# Dataset content
- - - -

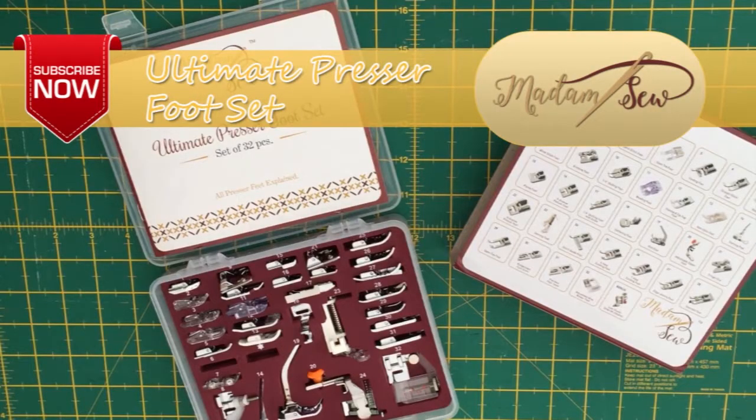I hope that tutorial was useful to you. If so, please subscribe to the Madam Sew channel for more tutorials and information on the ultimate presser foot set. I'll see you around for the next tutorial — bye for now!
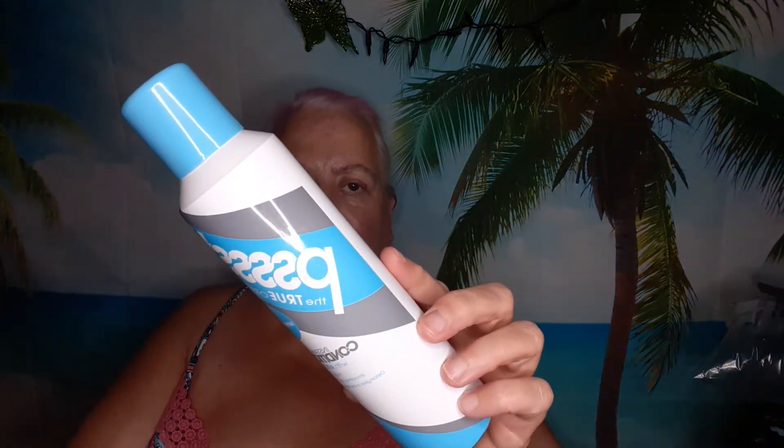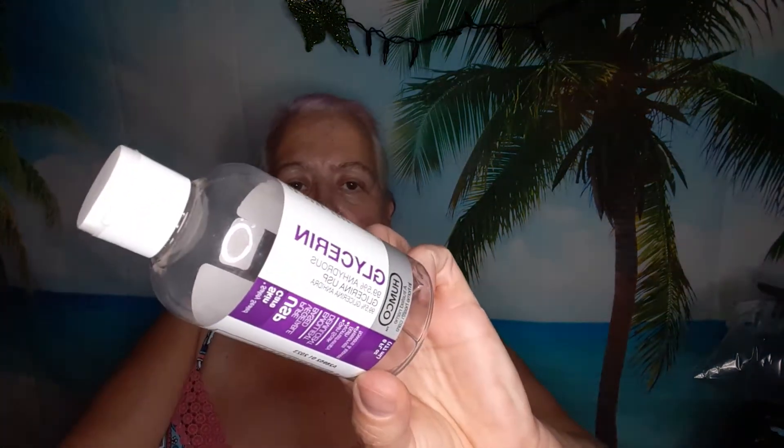The first item I have is the Pssst True Original Instant Dry Conditioner. I really liked it — it was great at detangling and really good on my hair. Next I finished up glycerin, the name brand, I think the Walmart brand — it's called Humco. I use this in my face masks.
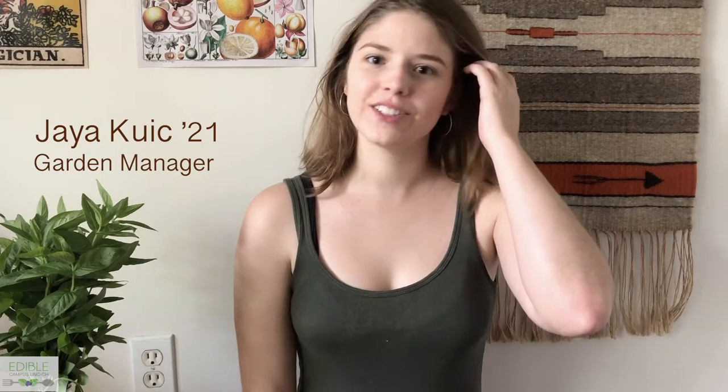Hi, I'm Jaya and I'm the garden manager for Edible Campus UNC. This is our first video installment for Earth Week and I'm going to be teaching you guys how to dry herbs for tea from home.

- - - -

# Task objective
Please write out, word for word, each line from the one with "The first item" to the last line of the data, keeping both ends and omitting pictures.

# Expected output
The first item I have is the Pssst True Original Instant Dry Conditioner. I really liked it — it was great at detangling and really good on my hair. Next I finished up glycerin, the name brand, I think the Walmart brand — it's called Humco. I use this in my face masks.
Hi, I'm Jaya and I'm the garden manager for Edible Campus UNC. This is our first video installment for Earth Week and I'm going to be teaching you guys how to dry herbs for tea from home.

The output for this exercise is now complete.